Limitations & Future Work

  • The quality ceiling is bounded by the Tri-Plane representation itself (30.47 vs. TensoRF's 36.74) — sharing accelerates training but does not improve representational capacity.
  • The number of basis planes \(M\) must be defined a priori, and the optimal \(M\) may vary across categories.
  • Validation is limited to synthetic datasets (ShapeNet and Basel Faces); generalization to real-world scenes remains unexplored.
  • The encoder-freezing strategy may fail when the category distribution exhibits large variation.
  • vs. Tri-Planes: Fused-Planes serves as a direct replacement — faster, more compact, and higher quality while maintaining plane compatibility.
  • vs. CodeNeRF: CodeNeRF employs latent codes for sharing but lacks a planar structure; Fused-Planes preserves 2D compatibility.
  • vs.

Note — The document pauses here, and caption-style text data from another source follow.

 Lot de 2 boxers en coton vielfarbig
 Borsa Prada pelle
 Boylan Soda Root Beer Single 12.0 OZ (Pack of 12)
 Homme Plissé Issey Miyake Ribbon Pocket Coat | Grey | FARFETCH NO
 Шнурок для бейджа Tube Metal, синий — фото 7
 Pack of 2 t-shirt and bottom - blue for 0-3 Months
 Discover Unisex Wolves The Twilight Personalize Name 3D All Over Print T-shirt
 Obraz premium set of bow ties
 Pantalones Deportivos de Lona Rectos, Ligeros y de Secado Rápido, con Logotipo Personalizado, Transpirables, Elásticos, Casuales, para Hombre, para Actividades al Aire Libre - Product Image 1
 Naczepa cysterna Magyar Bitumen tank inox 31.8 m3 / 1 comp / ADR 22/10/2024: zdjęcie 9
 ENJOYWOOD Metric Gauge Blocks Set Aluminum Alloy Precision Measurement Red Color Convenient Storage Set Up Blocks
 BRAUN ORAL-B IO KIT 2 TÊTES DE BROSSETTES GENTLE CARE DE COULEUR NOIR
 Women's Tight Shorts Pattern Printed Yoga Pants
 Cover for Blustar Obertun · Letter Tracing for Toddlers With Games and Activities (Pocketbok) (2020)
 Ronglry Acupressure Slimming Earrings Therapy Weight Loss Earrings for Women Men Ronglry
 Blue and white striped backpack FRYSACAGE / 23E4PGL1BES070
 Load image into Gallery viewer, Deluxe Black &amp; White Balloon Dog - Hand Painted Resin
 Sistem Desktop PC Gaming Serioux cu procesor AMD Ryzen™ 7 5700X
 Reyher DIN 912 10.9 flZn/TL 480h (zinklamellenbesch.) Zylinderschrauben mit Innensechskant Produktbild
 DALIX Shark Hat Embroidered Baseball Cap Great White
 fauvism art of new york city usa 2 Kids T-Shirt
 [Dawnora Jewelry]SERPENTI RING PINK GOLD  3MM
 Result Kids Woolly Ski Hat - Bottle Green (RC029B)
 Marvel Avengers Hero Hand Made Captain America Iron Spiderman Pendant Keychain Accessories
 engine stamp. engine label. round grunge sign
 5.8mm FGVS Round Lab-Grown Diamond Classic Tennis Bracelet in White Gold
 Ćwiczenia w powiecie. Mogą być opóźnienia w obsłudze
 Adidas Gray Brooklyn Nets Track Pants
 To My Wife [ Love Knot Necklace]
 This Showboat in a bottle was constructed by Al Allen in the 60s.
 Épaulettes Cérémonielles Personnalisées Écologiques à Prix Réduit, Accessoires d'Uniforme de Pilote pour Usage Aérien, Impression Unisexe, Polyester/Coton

Instant-NGP: NGP achieves comparable training speed but requires 189 MB/object versus 0.48 MB/object.

Rating

  • Novelty: ⭐⭐⭐⭐ The macro-micro decomposition is elegant and effective; joint latent-space training reflects genuine insight.
  • Experimental Thoroughness: ⭐⭐⭐⭐⭐ Multi-dataset, multi-baseline evaluation with comprehensive ablations, scalability analysis, and rendering speed benchmarks.
  • Writing Quality: ⭐⭐⭐⭐⭐ Problem formulation is clear, experiments are thorough, and tables are informative.
  • Value: ⭐⭐⭐⭐ A practical acceleration framework for large-scale 3D reconstruction, compatible with downstream generative applications.